The mechanical properties have been investigated for large amounts of HEFs and the results revealed an improvement in the materials' performances. Indeed, good hardness and wear resistance make the HEFs as well as their nitrides promising candidates for cutting tools for example. HEFs prepared by the magnetron sputtering technique showed that the mechanical properties are influenced by various deposition parameters. For example, Yu and co-workers [31] studied CrNbSiTiZr by changing the substrate bias voltage. The results showed that the hardness increased at a maximum of 12.4 ± 0.3 GPa with −50 V bias followed by a decrease to 9.8 ± 0.2 GPa when the bias is −200 V. Young’s modulus shows the same trend by increasing at 187.7 ± 3.3 GPa for −100 V and a decreasing to 162.3 ± 3.7 GPa for −200 V. The working pressure is also another parameter influencing the mechanical properties of HFEs. Kim and co-workers [32] reported high mechanical properties of AlCoCrNi films obtained with a pressure of 1.33 × 10−1 Pa. Indeed, at low pressure (1.33 Pa), the hardness is measured at 8.9 ± 0.9 GPa and the modulus at 142 ± 11 GPa. However, when the pressure reaches 1.33 × 10−1 Pa, the hardness increase to 16.8 ± 0.5 GPa and the modulus to 243 ± 39 GPa.

The nitrides show an increasing of mechanical properties as the nitrogen flow rate increases followed by a decrease as the flow continues to increase. This trend is seen for various high entropy nitrides [29, 41, 42, 43, 44]. An example is presented in Figure 7a. (AlCrMoTaTiZr)N HEFs, obtained with 40% nitrogen flow ratio, is the hardest film compared to others with a hardness of 40 GPa with Young’s modulus higher than 370 GPa. Residual stresses have been also studied and their evolution is depending on the nitrogen content. Zhang and co-workers [29] investigated the residual stress of (CrNbTiAlV)N HEFs at different nitrogen flows. The result is presented in Figure 7b. The metallic film has the lowest value of −2.35 GPa while a maximum (−6.55 GPa) is obtained for the nitride at 38 sccm.

Figure 7.

Hardness (a) and Residual stress (b) of (CrNbTiAlV)Nx films deposited under different nitrogen flows. Figure reproduced with permission from [29].
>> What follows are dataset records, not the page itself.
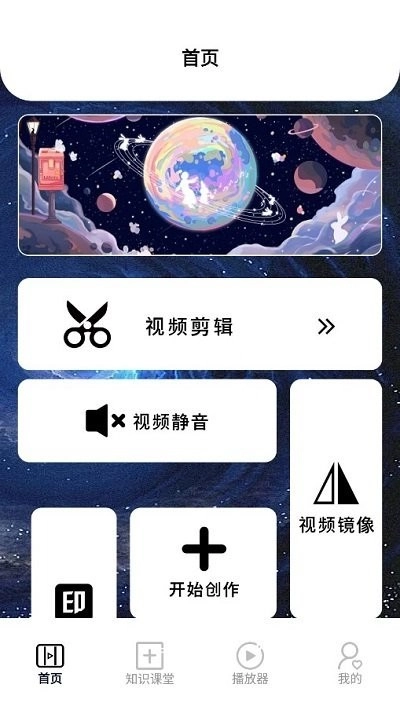 百看影视播放器最新版图2
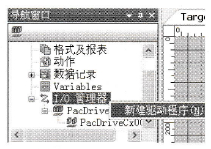 新建驱动程序操作图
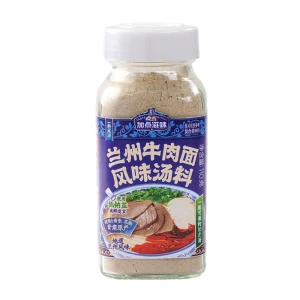 Lanzhou Beef Noodle Flavor Soup Special Seasoning For Authentic Beef Lamian Noodles 110g/bottle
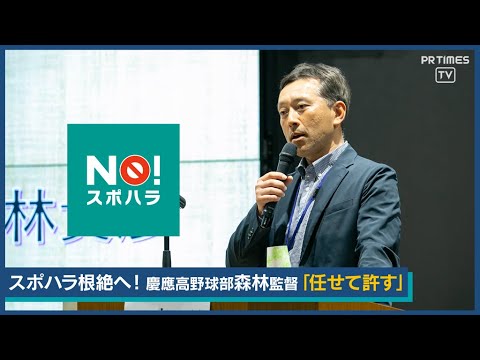 だれもが安全・安心にスポーツを楽しむ為に“「NO！スポハラ」サミット2024” 開催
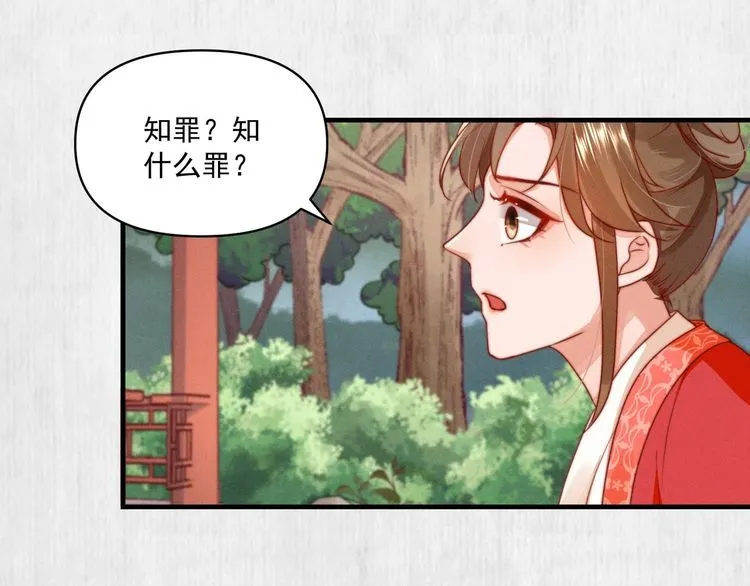 第84话 我有物证，还有人证 第70页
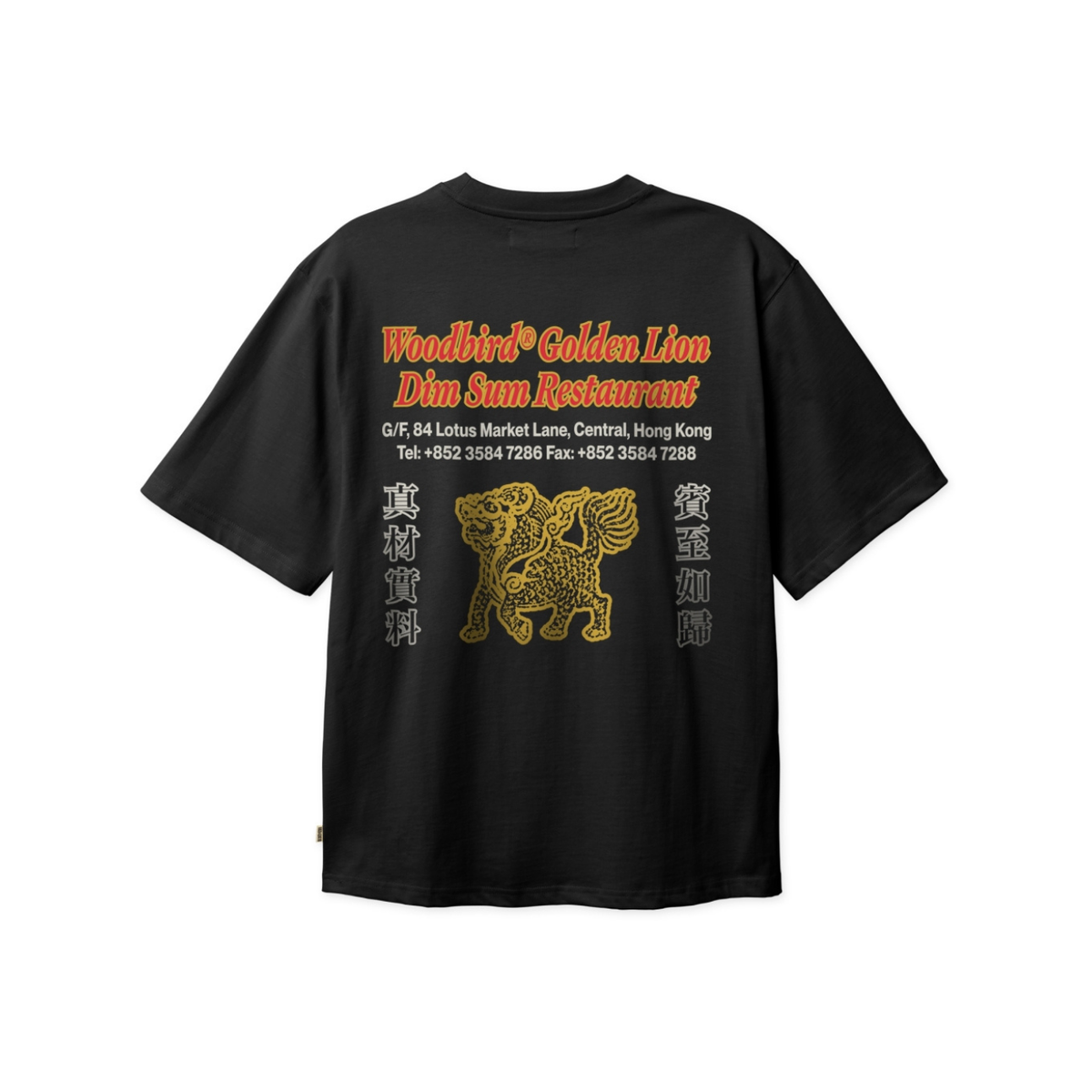 Baine Golden Tee - Black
In the case of oxides, as the oxygen flow rate increases the microstructure became dense and consequently the mechanical properties are improved. At a high flow rate, these properties degrade. The hardness of AlCoCrCu0.5FeNi reaches the maximum (11.3 ± 0.9 GPa) at 25% of O2 and decreases as the flow continues to increase.

Other results show that this trend is not always true. Khan and co-workers [45] reported no change in the mechanical properties by studying AlCoCrCu0.5FeNi films. These laters are prepared as a function of the working pressure. Their hardness was measured at 13 GPa while Young's modulus was evaluated at 204 GPa and no change was revealed as the pressure increased.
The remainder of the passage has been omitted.